IFT 2015 opening reception in Mardi Gras Word in New Orleans, LA
The opening reception was held in Mardi Gras World, affording attendees the opportunity to sample the Mardi Gras atmosphere and some Louisiana Cajun music!
View of one half of the IFT Trade floor.
As usual at IFT, there was a large and active trade floor. This year the food and ingredient exhibitors had a growing focus on nutrition and health. In our meetings with attendees, we found a strong interest in predictive intake modelling to help innovators and scientists to understand the benefits and safety of their food products and ingredients.
The keynote speaker Doug Rauch, ex-president of Trader Joe’s and founder of the Daily Table, shared his unique perspective on how to solve the problem of food waste, hunger and obesity by providing healthy, sustainably sourced meals to consumers.

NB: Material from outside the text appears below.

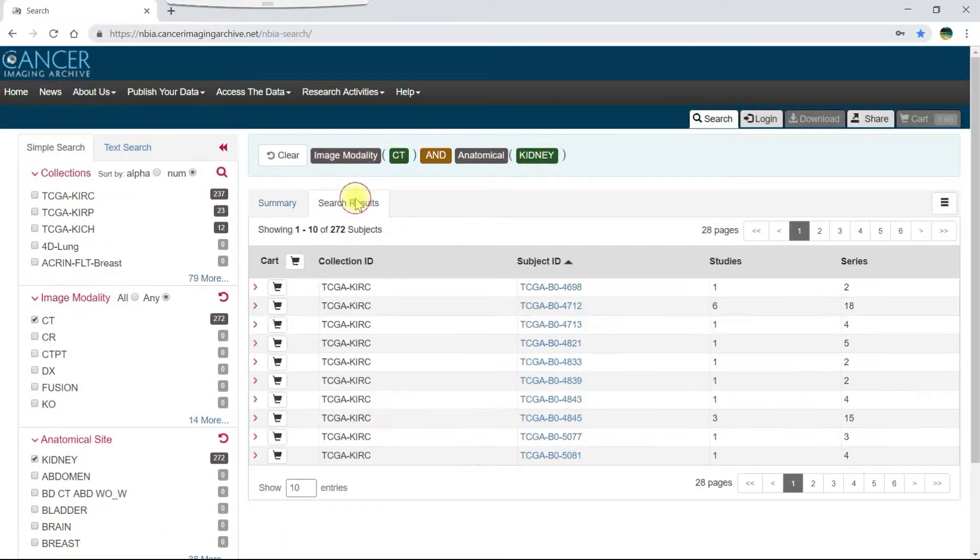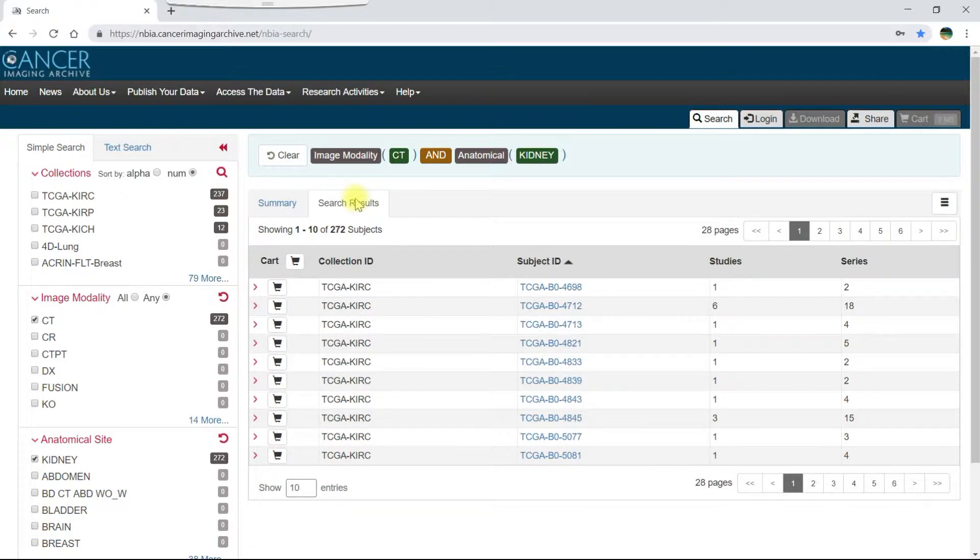Click the search results tab if you are not already on it. The data portal displays search results on either the summary or search results tab first, depending on which tab you last had open.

Doug highlighted the fact that in one generation, the US has moved from all states having a less than 10% obesity rate (where obesity is defined by a BMI of 30 or more) to every state having a rate of 20% or more. Doug quoted a Wall St. Journal article which estimated the cost of this epidemic at more than 1 trillion US dollars.
On the other hand, Doug outlined the problem of food waste. He estimates that one third of food grown globally is being wasted.
In the developing world, where hunger is a key issue, waste is often due to inadequate infrastructure such as cooling, transport and markets.
In the developed world, the problem is the opposite. There is an issue with oversupply of food, with consumers getting more than enough caloric input without getting the full nutrition they need. Doug highlighted two key issues contributing to food waste in the developed world:
Poor shelf life labelling where best buy dates and display codes are unrelated to food safety. For example cheeses having inappropriate best before dates (in fact aged cheese usually commands a premium price!).
The “ugly food” scenario where lettuce (for example) that is too big, or carrots that are misshapen, don’t sell in regular supermarkets are not even picked. Interestingly, they will sell in Farmers’ markets (often at a premium). The image shows a picture of a lettuce field after the harvest which illustrates the scale of this problem.
Doug Ranch showing the amount of produce wasted in a lettuce field after the harvest.
All of this has a large environmental impact with Doug estimating that the emissions involved in producing the wasted food alone, if equated with the emissions of entire countries, would be the third highest country in the world.
Doug claims that the next food revolution will focus on what we are not eating. Doug is working actively to address this issue with his Daily Table organisation which aims to bring high quality, nutritious food at affordable prices to the under-served communities in US inner cities.
At the Toxicology & Safety Evaluation division lunch, Dennis Keefe, Director of the Office of Food Additive Safety in the US FDA, outlined his organisation’s challenges in keeping up with food additive exposure scenarios with the speed of change in the market. Dennis explained that the FDA’s software for assessing exposure and risk is out of date and lacks sufficient data.
Dennis expressed a view that new systems need to be developed, based on big data, that would allow better risk and exposure assessment of food additives and chemicals. Inputs in this system would include post market data, food label information and updated exposure databases and intake scenarios.
In the Q&A session, Cronan McNamara from Creme Global explained how the systems and tools that have been developed in Creme Global deliver big data exposure solutions across a broad range of areas from flavourings, additives, fragrances, pesticides, food contact materials to nutrition. These comments were well received by Dennis and the group in general who expressed a great deal of interest in Creme Global’s predictive intake models and services. So, watch this space.
This is an opportunity for the food additives industry to respond and to create an initiative to work with the FDA to achieve this.
We will keep you posted on any updates and news from the above.